In particular the text of a link is not necessarily drawn using a few consecutive text showing operations (let alone a single one). In the worst case each letter of the link could be drawn in a separate instructions with all these instructions spread in a random order all over the content stream with operations drawing non-link content in-between.

Thus, you cannot look at each content stream instruction by itself and decide immediately what to do with it as was possible in the previous approaches you referenced in your question. Instead you'll have to collect all text and line drawing instructions with their context, sort them in the on page order, find URL texts and nearby lines there-in, manipulate the underlying instructions, and then write out the page content.

Furthermore, the recognition of "blue" in the referenced answers will not yet catch every shade of blue; only RGB colorspace blues are considered there but a blue tint might be generated by other color spaces, too. Also the text may be initially drawn in a different color and have it changed by some overlay. Furthermore, these colorspaces need not necessarily contain a black tint.

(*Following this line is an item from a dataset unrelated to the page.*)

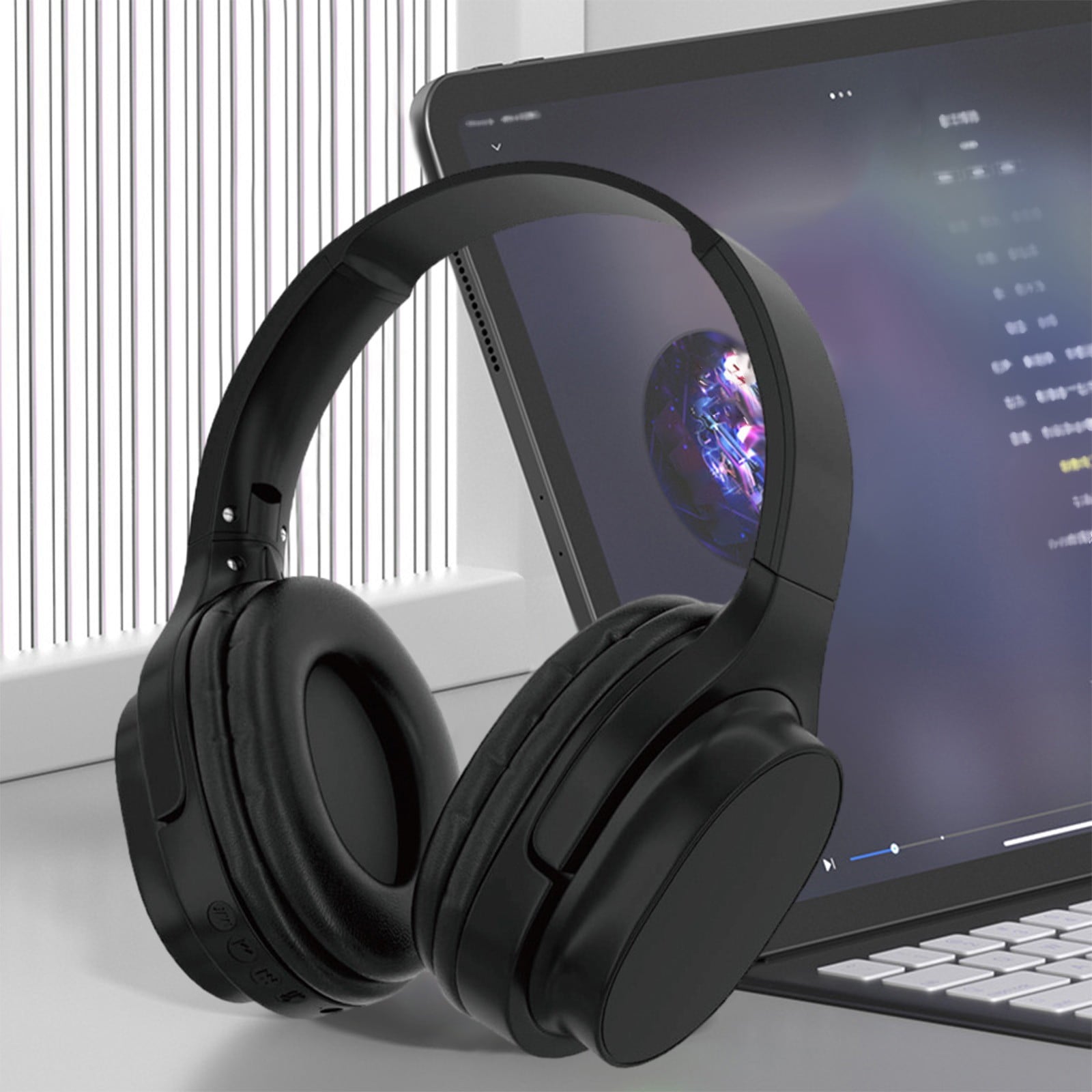 Wireless Headphones with Active Noise Cancellation, Over Ear Bluetooth 5.0 for Immersive Sound, Long Battery Life, Built-in Mic for Calls, Comfortable Design for Work, Travel, and Gaming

Thus, the manipulation of the underlying instructions for a general solution is more difficult than simply changing the color value before the recognized link text pieces and lines.

An implementation approach

A solution taking those hindrances into account can still be built based on the PdfCanvasEditor used in the referenced answers (this and this) borrowed from this answer. In contrast to solutions there, though, the instructions must be collected in the write method with some relevant information of the state at the time of their execution, in particular the text and text position for text drawing instructions and the line position for line drawing instructions, and the color.

The iText LocationTextExtractionStrategy already does that, merely without keeping the original instructions in mind. Thus, you can borrow code from that strategy or even integrate it (instead of the dummy render listener by default used in the PdfCanvasEditor) and merely have to reference the corresponding instructions from the text chunks processed by the strategy class.

When all the instructions of the page have been collected with those extra information, you have to sort the text. The LocationTextExtractionStrategy also contains code to sort the text chunks accordingly which you can now use for your task.

In those sorted text chunks you can now look for link texts. Having found them, you can visit all the text drawing instructions associated with those chunks and all the line drawing instruction with positions right under those chunks, check their color for blueness, and (if blue) envelop them in a "change to black color" and "change back to previous color again" instructions bracket.

To also recognize wilder ways to create blue text, you have to improve your analysis of the instructions even more. E.g. if in blend mode Lighten later an area including some text is filled in blue, an originally black-on-white text suddenly becomes blue-on-white.

A possible generalization

This approach actually would give rise to a more generic PDF text manipulator if you somehow exposed the sorted text chunks and created a more flexible interface with methods for a number of changes to apply to the underlying instructions.

As of the approach above will take quite a number of weeks for a solid implementation anyways, you may want to consider such a more generic architecture for possible later re-use and sharing.



标签: pdf itext